Relooker pour mieux vendre : le homestaging
Les couleurs du panneau « A vendre » défraîchissent ? Plus aucun visiteur ne se risque à passer le palier de la maison ? Cédez au home-staging . Le principe : « mettre en scène un bien pour mieux le vendre sans baisser son prix, et dans le meilleur des cas l’augmenter », définit Anneli Dubois- Wernerheim, décoratrice spécialisée dans cette pratique. Venue des Etats-Unis, où l’on home-stage tout naturellement depuis trois décennies, « elle s’est étendue dans les pays anglo-saxons, puis scandinaves ».

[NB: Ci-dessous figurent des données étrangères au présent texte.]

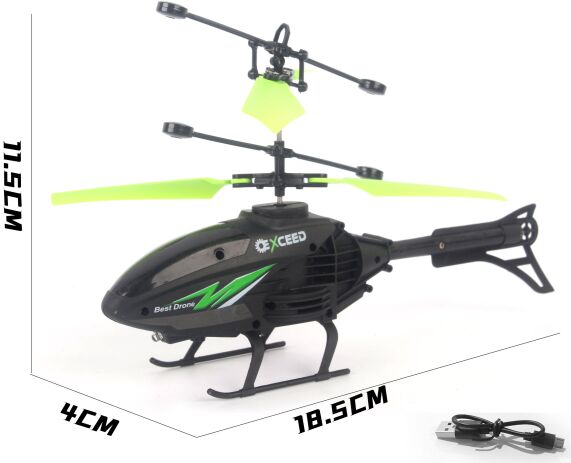 BW Τηλεκατευθυνόμενο Ελικόπτερο Dynamic 100mAh+ -3 Χρώματα (KP666-38) (2)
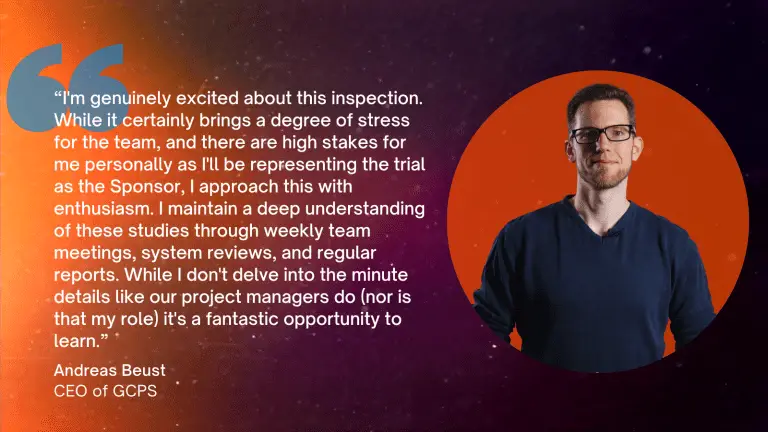 “I'm genuinely excited about this inspection... it's a fantastic opportunity to learn.” — Andreas Beust, CEO of GCPS"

Médiatisé en France par l’émission Maison à vendre de M6, « le home staging est devenu à la mode depuis six mois », indique Valérie Girard, « homestageuse » de la première heure et formatrice. Mais c’est un autre phénomène qui le « booste » : « Certains propriétaires pensent que les prix vont s’écrouler et précipitent leur décision de vente. En face, la demande ralentit, les banques prêtent moins et les taux d’intérêt sont à la hausse. » Bref, les récentes tensions sur le marché immobilier profitent à cette tendance, « les vendeurs cherchent des alternatives, entre autres la baisse de prix. Ma solution est de leur dire ce n’est pas une question de prix. Désormais, nous allons donner un sens marketing à votre produit. »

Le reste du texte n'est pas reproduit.